Das amerikanische Rote Kreuz spricht von der schlimmsten Naturkatastrophe seit dem Wirbelsturm Sandy vor vier Jahren: Nach schweren Regenfällen und Überschwemmungen im Bundesstaat Louisiana sind rund 40000 Häuser beschädigt oder unbewohnbar, 13 Menschen starben, zehntausende mussten evakuiert werden – und zwar auch in Gebieten, die bisher nicht als gefährdet galten. Der Regen, der innerhalb einer Woche in der Gegend niederging, hätte mehr als zehn Millionen Olympische Schwimmbecken gefüllt, rechnete der Nachrichtensender CNN seinen Zuschauern vor. Gleichzeitig breiten sich weiter westlich in Kalifornien gefährliche Brände aus.
Die Bewohner des Inseldorfes Shishmaref in Alaska beschlossen vor einigen Tagen, wegen fortschreitender Erosion und einem steigenden Meeresspiegel ihre Siedlung aufzugeben und auf das Festland umzuziehen. Und die US-Hauptstadt Washington erlebte gerade eine Hitzewelle mit Rekordtemperaturen.
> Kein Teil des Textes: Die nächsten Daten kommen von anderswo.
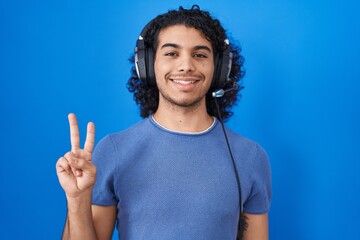 Poster - Hispanic man with curly hair listening to music using headphones showing and pointing up with fingers number two while smiling confident and happy.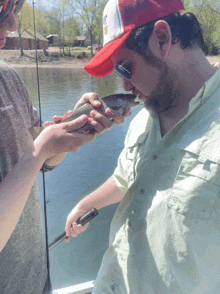 a man wearing a shimano shirt is holding a fish in his hands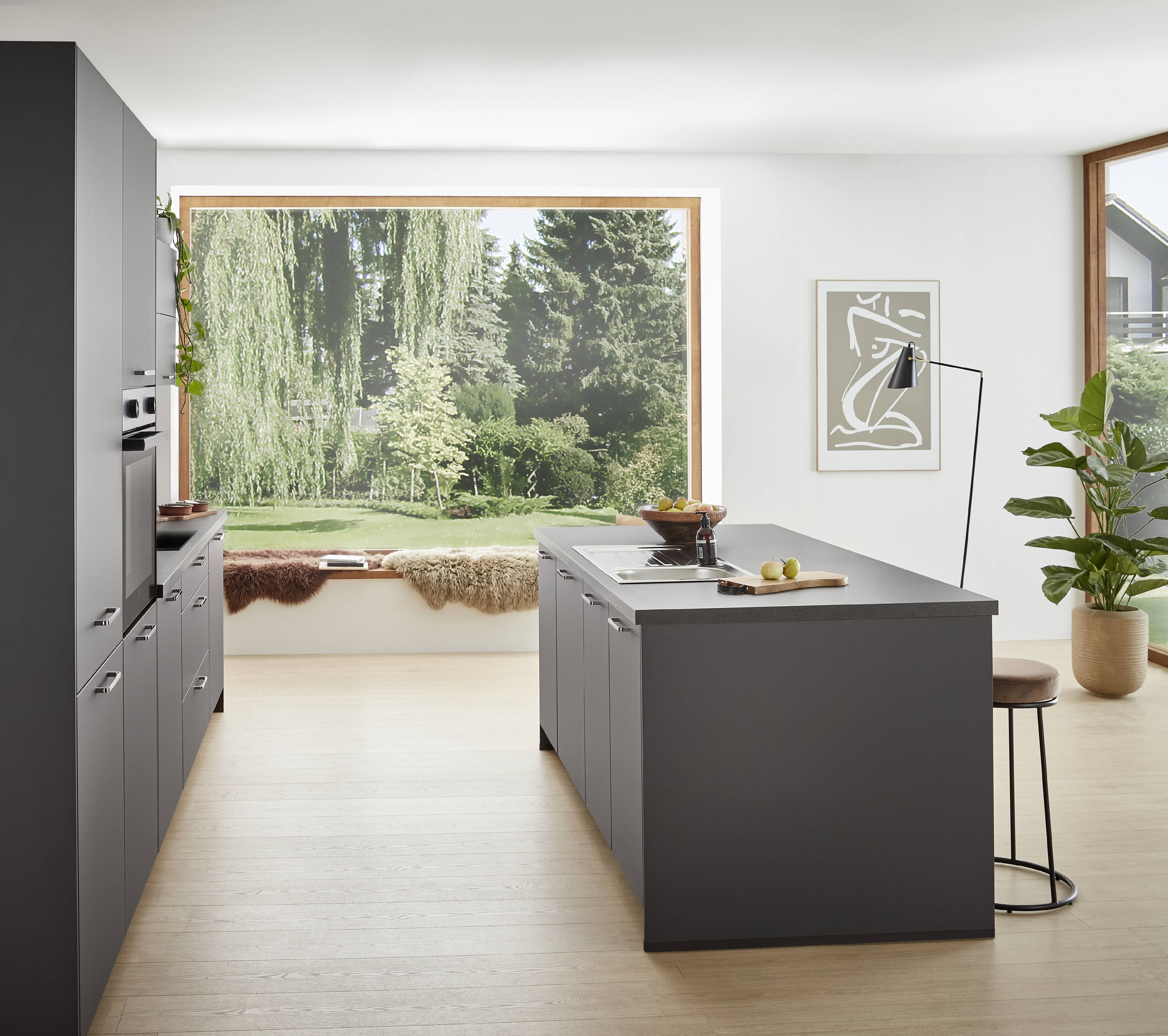 Modern minimalist kitchen featuring matte dark cabinetry, a central island with integrated sink, light wood flooring, and a large picture window overlooking lush green trees and garden landscaping.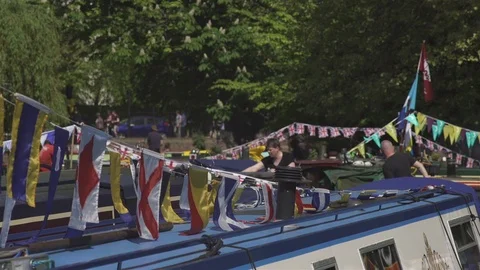 Barges with flags and canal life Stock Footage 93200321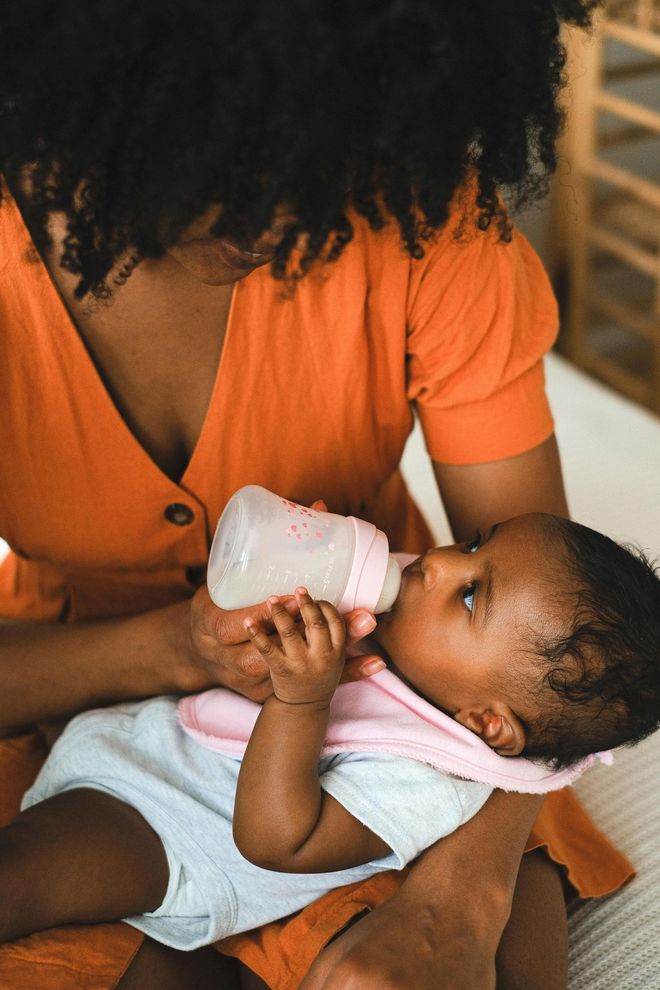 Woman in orange dress feeding a baby with a bottle on her lap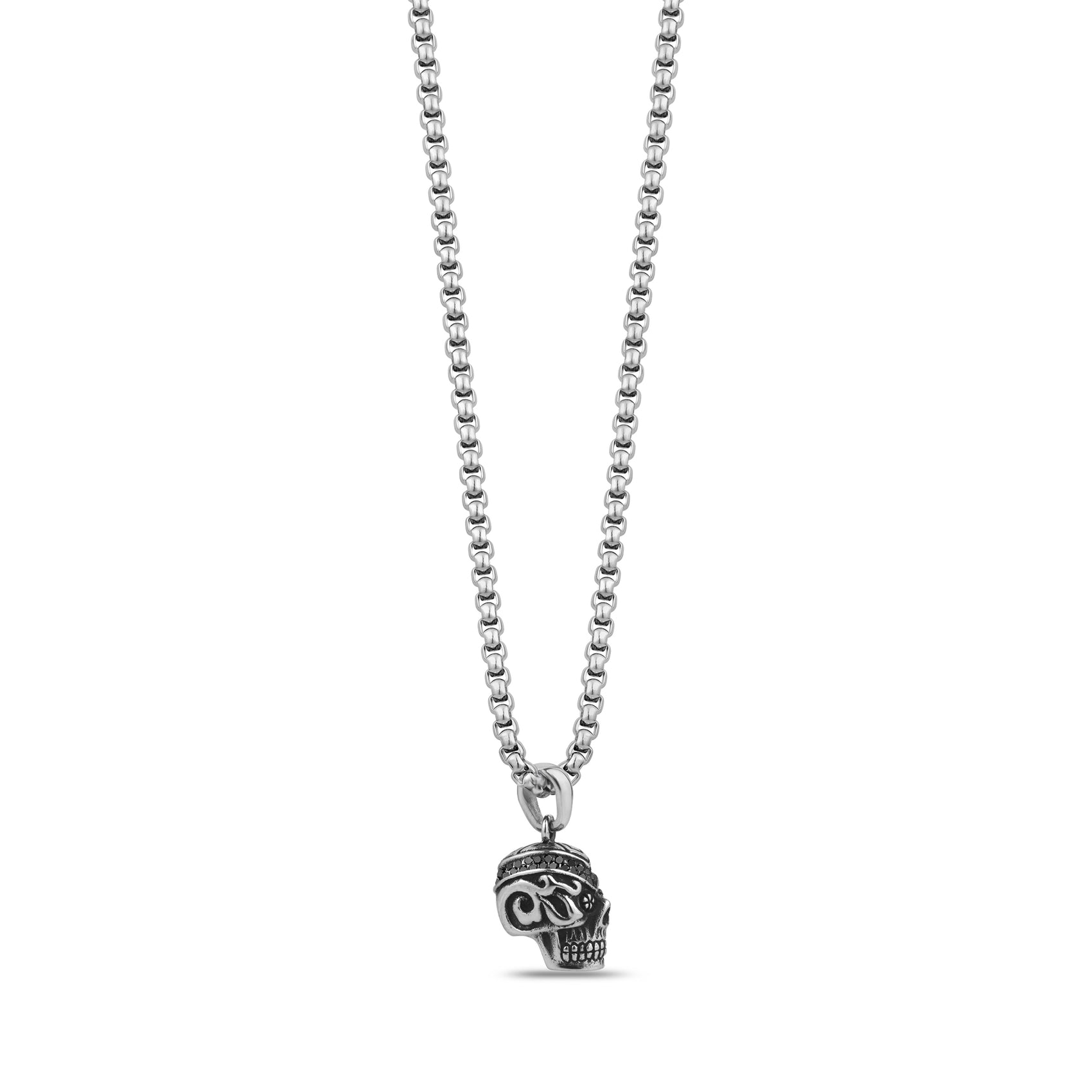Side angle view of engraved skull pendant necklace highlighting swirl and floral etchings with black detailing on temple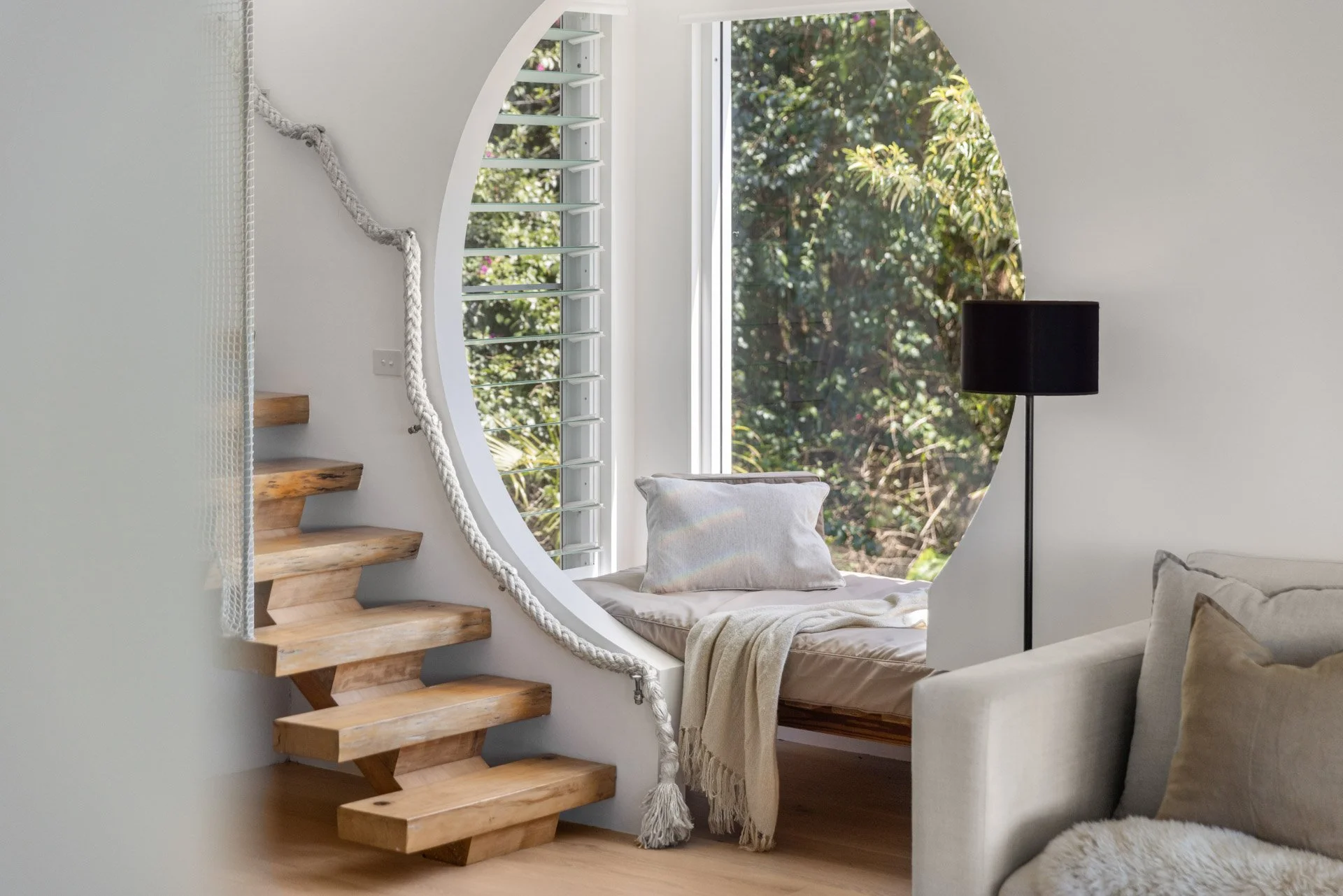 A peaceful reading nook framed by a striking circular window overlooking tropical gardens.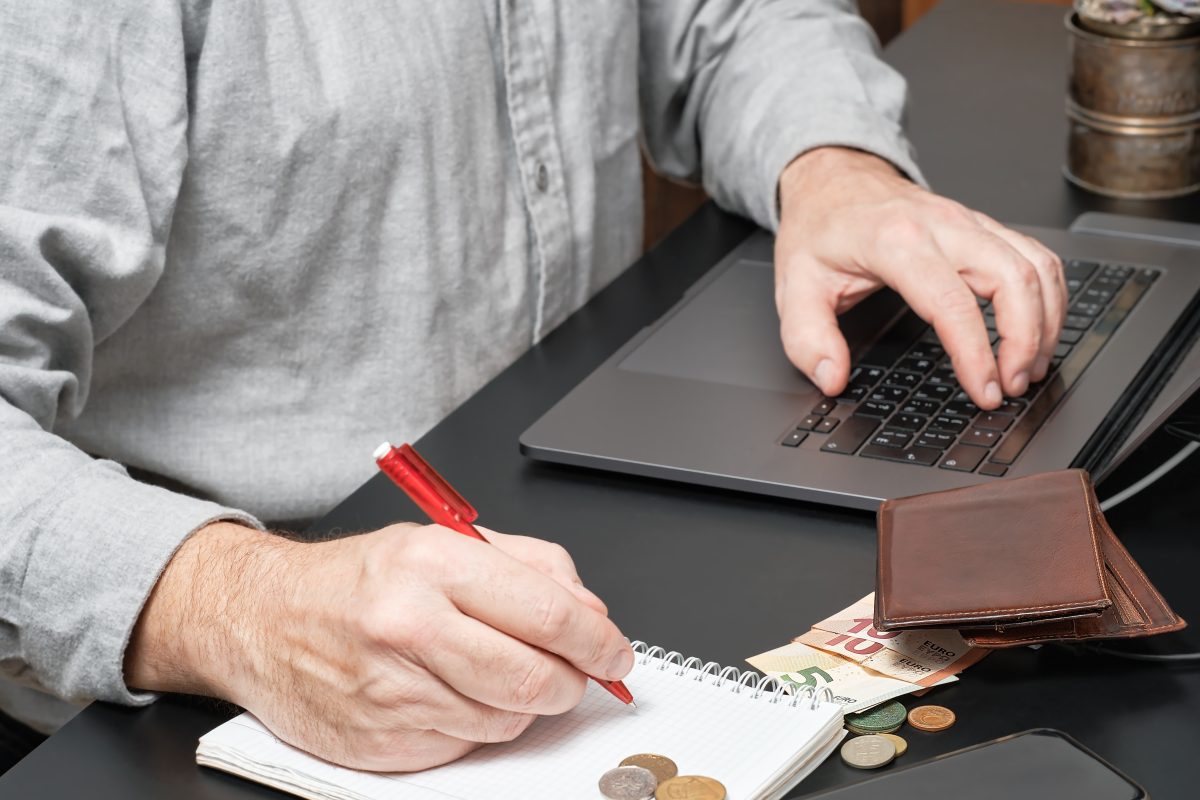 A man writing in a notebook and a laptop, wallet, money, and coins in front of him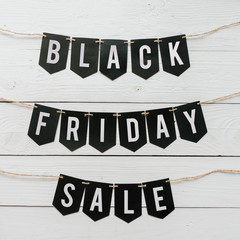 Obraz premium Black Friday Sale paper banner garland lettering hanging on white barn wood planks background. Beautiful holiday flyer.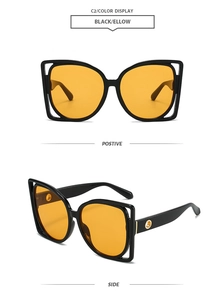 Détail de lunettes de soleil carrées oversize avec verres jaunes et accents dorés
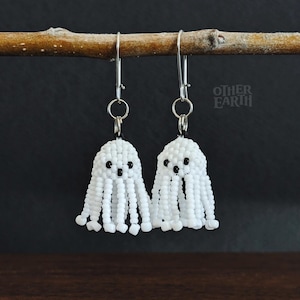 May include: Two white beaded ghost earrings with black bead eyes and dangling beaded strands. The earrings are suspended from silver-coloured ear wires and hang from a small branch. The background is dark, and the earrings are the focal point.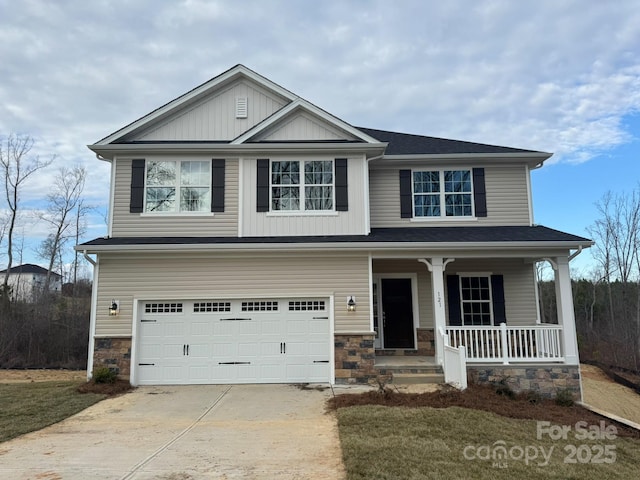 craftsman-style home featuring a garage and a porch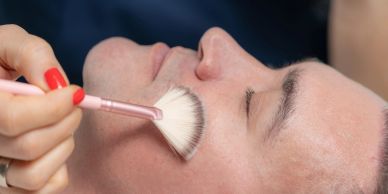 Applying makeup on a woman's face with a fan brush.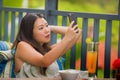 Young happy and attractive Asian Chinese woman at outdoors cafe drinking juice taking selfie self portrait with mobile phone at Royalty Free Stock Photo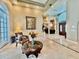 Grand foyer featuring marble floors, elegant furnishings, and a view of the dining room at 168 Rue Des Chateaux, Tarpon Springs, FL 34688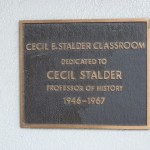 A plaque dedicated to Cecil Stalder, history professor on one of the doors of the quadrangle classrooms.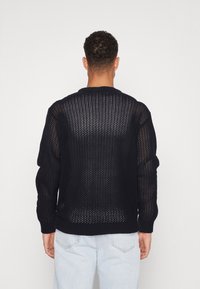 Pull en tricot noir avec un design en maille ouverte, poignets et encolure côtelés épais. Caractéristiques : coupe ample et manches longues.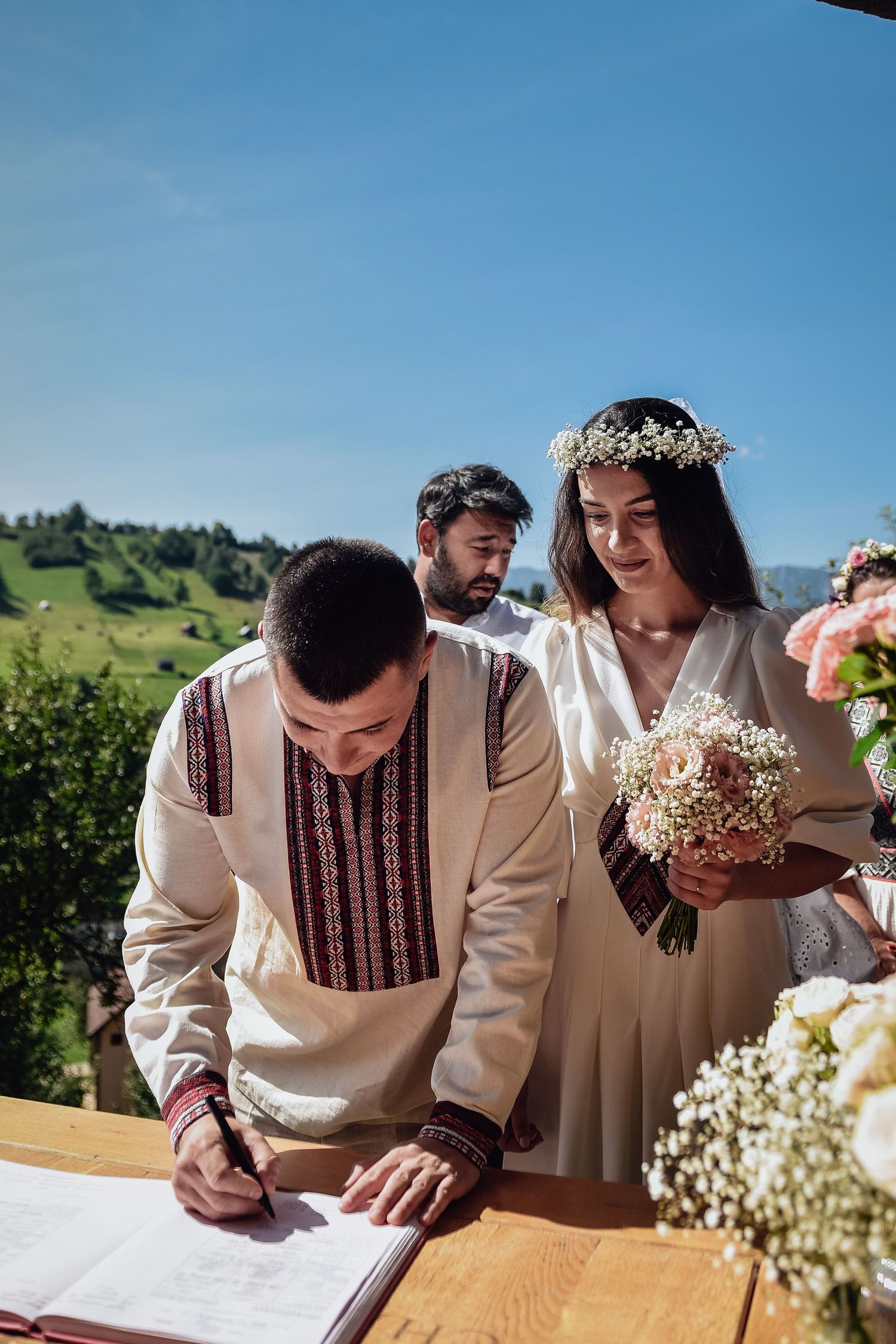 A couple in traditional embroidered wedding attire signs documents at an outdoor ceremony with mountains in the background.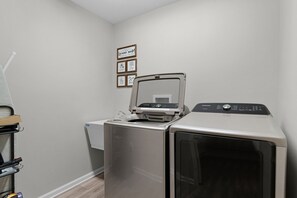 A laundry room with a front-loading washer and dryer, a wall-mounted drying rack, and a sign above the dryer.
Ist das der Klimawandel in Aktion? Auch ohne Erderwärmung gehört Extremwetter mit Stürmen, Überschwemmungen, gewaltigen Waldbränden und heftigen Schneestürmen zum amerikanischen Alltag. Die Häufung und das Ausmaß der jüngsten Katastrophen lassen manche Experten inzwischen aber von einem neuen Muster des Klimawandels sprechen.
Die Behörden rechnen mit Hilfszahlungen und Wiederaufbaukosten von 30 Millionen Dollar
Während in Louisiana die ersten Flutopfer in ihre zerstörten Häuser zurückkehren und überlegen, wie es mit ihnen weitergehen soll, rechnen die Behörden mit Hilfszahlungen und Wiederaufbaukosten von mindestens 30 Millionen Dollar. Viele Hausbesitzer hatten keine Versicherung gegen Überschwemmungsschäden, weil sie außerhalb der in normalen Jahren sonst betroffenen Flutgebiete wohnen. Fast 90000 Menschen haben bei den Behörden finanzielle Unterstützung beantragt. Dabei ist das Unglück möglicherweise noch gar nicht überstanden: Meteorologen sagen für Teile von Louisiana, Texas und Arkansas neuen Starkregen voraus und warnen vor erneuten Überschwemmungen. Präsident Barack Obama will das Katastrophengebiet am Dienstag besuchen.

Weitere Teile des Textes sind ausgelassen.